Fuel Oil Soars Along With Expectations for Longer OPEC+ Cuts
(Bloomberg) -- Fuel oil, the dregs left over after refineries make gasoline, diesel and other more valuable petroleum products, is soaring in price and traders are pointing to extended OPEC+ production curbs as a major driver of the rally.
The type of crude that comes from OPEC+ producers is typically dense and sulfurous, making it rich in fuel oil. The producer alliance curbed unprecedented amounts of supply earlier this year in response to collapsing demand. In turn, oil refineries cut output of the residue that’s normally cheaper than crude. Now, with expectations fading that Saudi Arabia, Russia and others will bolster crude production come January, fuel oil supply may face longer curbs than previously thought.

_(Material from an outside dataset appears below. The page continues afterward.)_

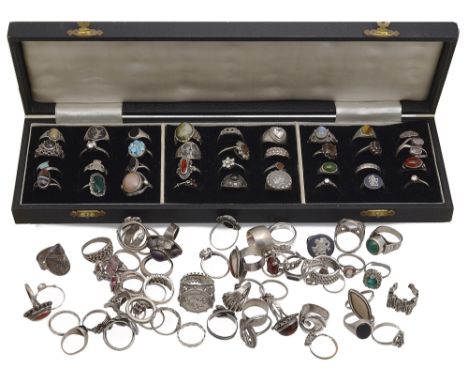 A collection of ninety four 20th century silver and white metal rings, several gem set examples, varying designs including; m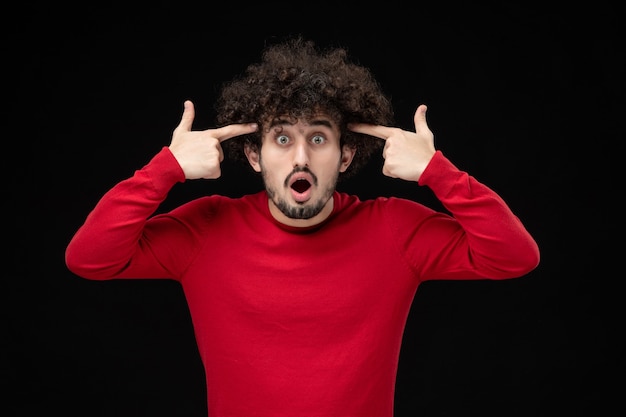 Vista frontale del giovane maschio in camicia rossa sul muro nero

“If the market expects a significant increase in heavy oil supply, fuel oil futures would sag, at least a bit,” said Jonathan Lamb, an analyst at Wood & Company, an investment bank. “So strength in fuel oil could be a sign that the market expects the crude increases to be delayed.”
Fuel oil traders said that expectations for longer OPEC+ supply curbs are probably feeding through into stronger prices. Another factor may also have been that demand for shipping -- a major source of fuel oil consumption -- has held up well despite the pandemic, further tightening the market.
High sulfur fuel oil for January, which can only be used in vessels that have sulfur-removal equipment, is trading at about $30 a ton less than Brent crude. That compares with a discount of almost $130 at the end of last year.
Tightness in the fuel oil market will also be sustained by reduced supply, consultant Energy Aspects Ltd. said in a report emailed last week, noting lower yields in Russia. Refinery runs are also increasingly shifting to more complex plants that have minimal fuel oil yields, according to the researcher. That too means lower supply.